When most of us think of chowder, New England comes to mind. The phonetic variant chowda, is believed to have originated in Newfoundland in the days when Breton fisherman would toss portions of the day’s catch into a large pot, along with other available foods to make a seafood stew. Because this is CrappieNow, we’re going to make crappie chowder.

Commonly, chowder is a seafood or vegetable stew (or thickened soup) often served with milk or cream served with crackers that are broken into the chowder as a thickener. Some varieties are traditionally thickened with crushed ship biscuit.
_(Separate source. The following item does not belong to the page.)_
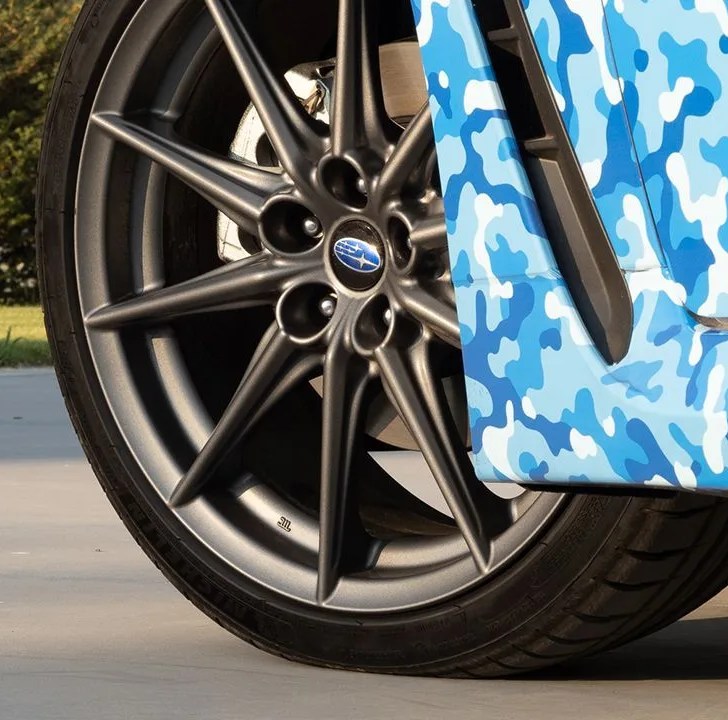 subaru brz front wheel with camouflaged body panel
There numerous varieties of chowders ranging from New England clam, corn, potato, and fish chowder. Here’s our recipe for Crappie Chowder.

 

Crappie Chowder

4 to 6 cup crappie fillets cut into strips

4 to 6 cup hash brown potatoes

1/2 cup celery, diced

1/2 cup onion, diced

2 cans mushroom soup

1 or 2 soup cans milk, depending on how thin you want your chowder

1/4 cup melted butter

Cook crappie, potatoes, and celery with onion in separate pans with enough water so they will come to boil. When tender, combine all into 1 big pan, and then add soup, milk and butter. Simmer together until hot, do not boil or milk will curdle.

 

That taste of Italy I promised is Crappie Linguine with White Wine Cream Sauce. In this recipe we shift from crackers being the agent to thicken our chowder to using pasta like linguine. Linguine is like thin flattened spaghetti. Our seafood, fish, in this case, is – you guessed it – crappie.

 

Crappie Linguine with White Wine Cream Sauce

1 lb. crappie fillets cut into 2-inch long strips

1/2 lb. linguine
2 tablespoons olive oil
1/2 teaspoon finely chopped garlic
1/2 teaspoon black pepper
1/4 cup white wine
1 cup heavy cream
2 tablespoons grated Parmesan cheese
Dash of hot sauce (optional)

Parsley sprigs

Cook linguine according to directions and set aside. Heat olive canola oil on medium-high heat in a stove top pan and add crappie fillets. Cook until about 4 minutes, and then add garlic and pepper. Add wine. Reduce wine for 30 seconds. Toss cooked linguine into crappie. Remove to dish and sprinkle with cheese and a dash of hot sauce, if desired. Garnish with parsley.

 

 

After dining on one of the scrumptious crappie dishes, there’s a need for a taste of something sweet. I can’t think of a better dessert than my Mother-in-law’s bread pudding. Give Bobbie’s Bread Pudding a try.

 

10 slices bread

3 cup skim milk

1 1/2 cups sugar

1 cup egg substitute

4 tablespoons diet margarine

2 teaspoons pure vanilla extract

1 cup crushed pineapple

Break bread into pieces in a 9×13-inch baking dish. Blend in half the milk. Add sugar and egg substitute, mixing well after each. Dice margarine on top and stir in vanilla, remaining milk, and pineapple. Bake at 350 degrees for about 40 minutes, until firm.

 

Call me crazy but I love this puddin’ served chilled, however, I think you’ll love it warm from the oven. It’s a big yummy either way.

 

 

Onion Soup

 

1/2 pound sliced white onions

1/4 cup butter

2 tablespoons corn oil

3 tablespoons all-purpose flour

1 quart chicken broth

1 quart beef broth

8 slices French bread

Shredded Swiss cheese

Grated Parmesan

 

Sauté onions in butter and oil until onions are transparent, but not well browned. When tender, turn heat to lowest point and sprinkle with flour, stirring vigorously. Pour into Dutch oven and stir in broths. Heat thoroughly and divide among 8 oven-proof bowls. Float a slice of bread atop each serving. Mix equal parts of cheese to smooth paste and spread over bread. Place all bowls on oven rack 4 inches from broiler: heat and broil until cheese melts. Serve at once. Makes 8 servings.

 

 

Scalloped Pineapple

This is good served warm with whipped cream. It taste is very much like a pineapple upside down cake.

 

2   cups sugar

2   sticks butter (1/2-pound)

3   eggs, beaten

1   16-ounce can crushed pineapple

4   cups white bread crumbs

 

Preheat oven to 350 degrees. Cream the sugar and butter together; add the eggs and mix well. Add the pineapple to the mixture, then the bread crumbs and stir well. Bake in an ovenproof dish for 1 1/4 hours. Top with whipped cream. Makes 12 servings.